Una partita come le altre, forse. Sicuramente una delle tante, non più importante di molte delle quali hanno condizionato la carriera sportiva di Maurizio Sarri e ne hanno forgiato il carattere. Dietro la scorza dura si celano le emozioni. E’ innegabile. Evidente. Il distacco forse fin troppo accentuato per sembrar vero, quello giusto però a caricare ma non troppo l’ambiente e la squadra di aspettative, di ansie, di paure. Sarri toglie la maschera e si mette, come al solito, in prima fila. E’ normale, è il comandante, guida il resto del gruppo.

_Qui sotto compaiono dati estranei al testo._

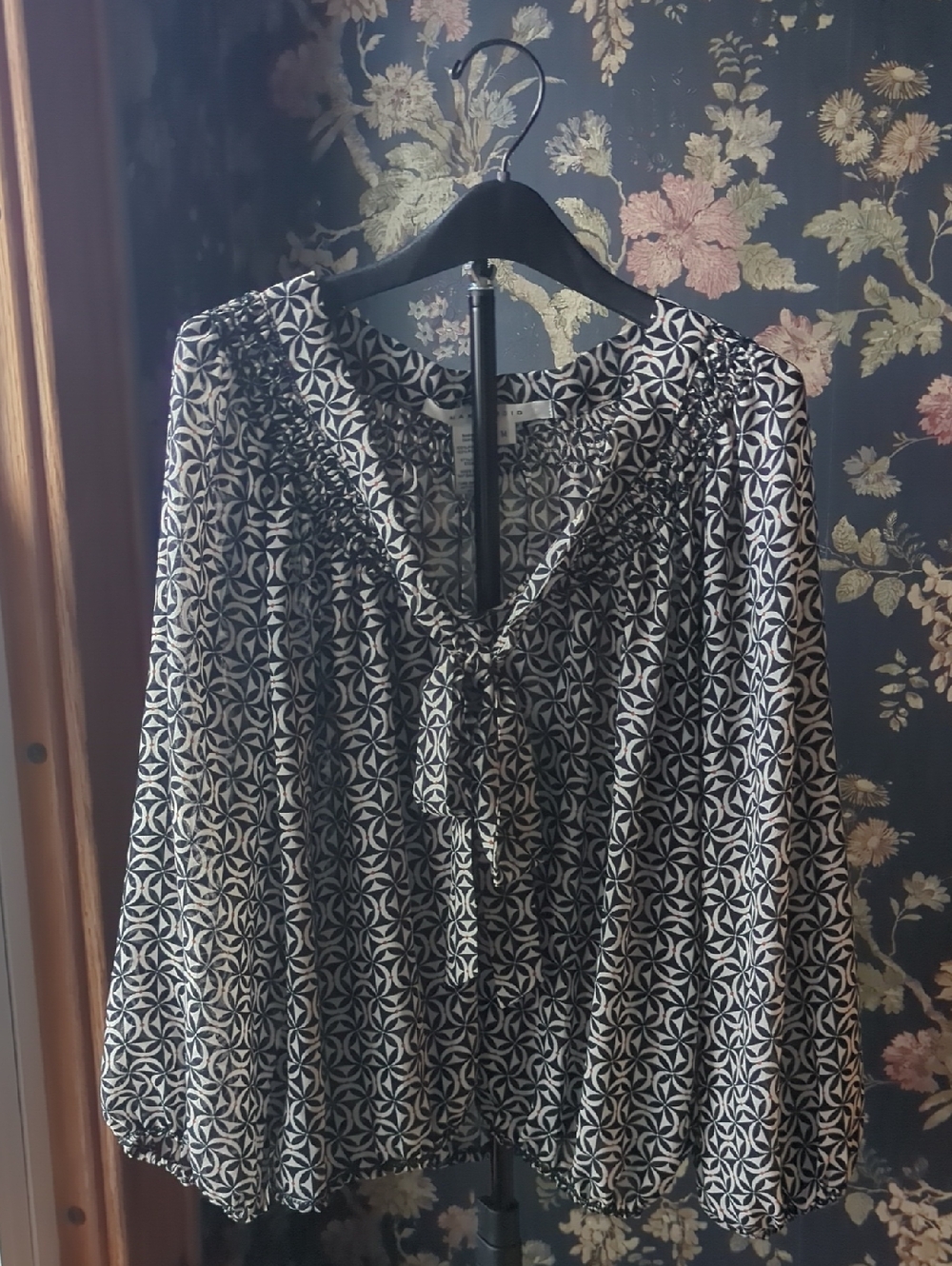 Max Studio Black and White Geometric Tie-Neck Top Size M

Il condottiero cerca, tra la follia di imporre le proprie idee di calcio e la necessità di non peccare di presunzione al Grande Ballo, di stemperare gli animi: “Provo grande determinazione, mi ritengo fortunato ad essere arrivato sin qui partendo dai dilettanti. Juve-Napoli non è la partita più importante per me, le 500 precedenti mi sono servite per arrivare fin qui. Giocare Sangiovannese-Grosseto per me è stata la stessa cosa”.
In parte vero. In parte forse no. Nessuno può saperlo tranne Sarri, ed è più che giusto così. Avanti per la sua strada, sempre e comunque: la lucidità di non provare ad essere remissivi, nemmeno per un attimo, bensì consapevole dei propri passi, uno dopo l’altro, fino alla fine. I conti si tireranno al termine della stagione, più facile a dirsi che a farsi. L’animo del guerriero non si placa affatto: il guscio è ruvido, così come è altrettanto vero che all’interno, probabilmente, l’animo ribolle di passione. E’ il momento di guardare al campo, alla resa dei conti non così tanto decisiva, in qualsiasi caso: Sarri lo sa, Allegri lo sa, anche tutta Italia ne è consapevole. C’è bisogno, però, di affrontare la sfida nel miglior modo possibile: niente più riverenza o capo chino, testa alta petto in fuori. Poi si vedrà.